Photo : copyright John Dominis

Lorsque le photo journaliste américain John Dominis immortalise cette scène devenue mondialement connue le 16 octobre 1968 lors des Jeux Olympiques de Mexico, nul ne peut imaginer la portée historique de ce cliché et, plus encore, la complexité d’une réalité mise à mal par l’évidence du symbole que chacun d’entre nous croit déceler en l’observant.

Quelle interprétation donner à cette photo au premier regard ? De toute évidence, le geste de protestation de deux coureurs afro-américains, Tommie Smith et John Carlos, brandissant le poing afin de protester contre la ségrégation raciale sévissant à l’époque aux Etats-Unis.
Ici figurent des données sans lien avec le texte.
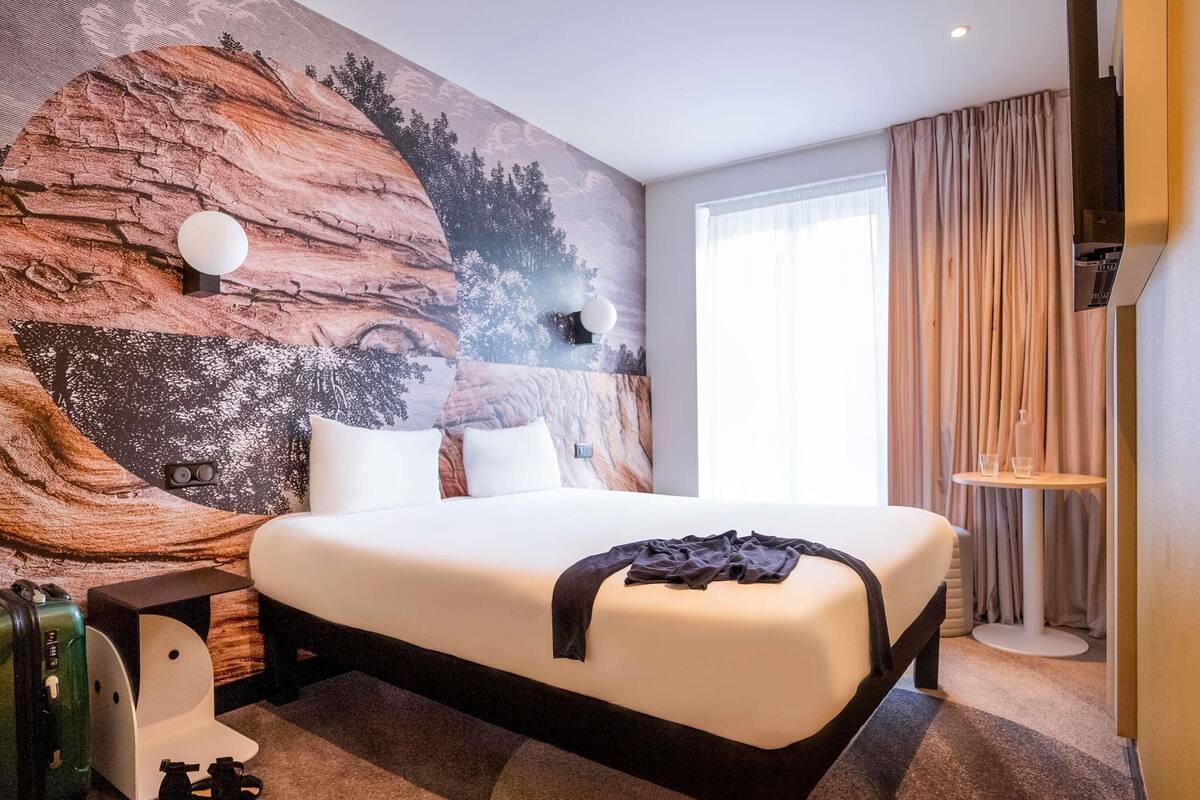 Standard Room, 1 Double Bed | Premium bedding, in-room safe, desk, laptop workspace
En effet, la puissance de l’image est retranscrite par ces deux sportifs de couleur brandissant une main gantée de noir, la tête baissée et les pieds nus, une attitude pour le moins surprenante lorsque retentit l’hymne national américain.
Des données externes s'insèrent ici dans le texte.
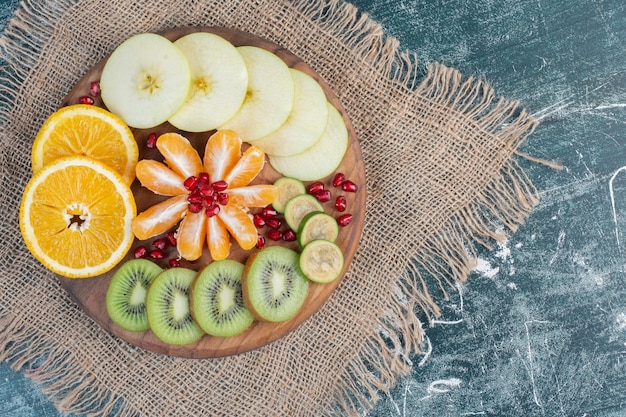 Bandeja De Frutas Con Frutas De Temporada Picadas Y En Rodajas Foto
Hypnotisés par ces deux sportifs noirs protestant silencieusement en effectuant le salut du Black Power, nous en oublions presque l’existence de ce troisième homme sur la gauche du podium. Un homme blanc, le port de tête droit, sans geste particulier, une attitude le rendant presque transparent tel un élément qui ne serait pas à sa place sur la photo. Pire, nous pourrions presque imaginer ce sportif blanc comme un conservateur opposé à la cause défendue par les deux athlètes américains… Il n’en est rien, loin s’en faut ; ce coureur, à l’immobilité frappante, pourrait être aujourd’hui considéré comme le véritable héros de cette photographie ! Peter Norman était en fait un sportif australien notoirement inconnu qui réussit ce jour-là l’authentique exploit de monter sur la seconde marche du podium s’intercalant entre les deux coureurs américains. Malgré cette performance mémorable, c’est bien la cérémonie du podium qui cristallisera l’attention de la presse mondiale.
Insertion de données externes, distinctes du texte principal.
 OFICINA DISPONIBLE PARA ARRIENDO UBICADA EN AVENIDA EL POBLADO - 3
Prévenu avant la remise des médailles de l’intention des coureurs américains de protester à leur façon contre la ségrégation raciale aux Etats-Unis, Peter Norman qui vivait en Australie, un pays où régnait à l’époque un apartheid extrêmement strict envers les aborigènes ainsi que les noirs, n’allait pas se montrer uniquement compréhensif envers la cause défendue, il allait l’approuver en déclarant :

                                                                                                                         « Je serai avec vous ! »

Si les athlètes noirs américains avaient décidé de monter sur le podium les pieds nus en signe de pauvreté, ils devaient également arborer le badge du Projet Olympique pour les droits de l’homme, un mouvement constitué de sportifs engagés pour l’égalité des hommes. Mais le symbole, peut-être le plus fort, en tout cas le plus visible, le plus ostensible, les fameux gants noirs, c’est bien Norman qui en a eu l’idée. Juste avant de monter sur le podium, s’apercevant qu’ils n’avaient qu’une seule paire de gants pour deux, les coureurs américains faillirent renoncer à les porter, c’est l’athlète australien qui suggéra qu’ils pourraient ne porter qu’un gant chacun, ce qu’ils firent ! Norman, que l’on croit désintéressé de la cause de par son attitude, portait le badge du Projet Olympique sur sa poitrine, montrant ainsi qu’il partageait l’orientation défendue par les deux autres coureurs.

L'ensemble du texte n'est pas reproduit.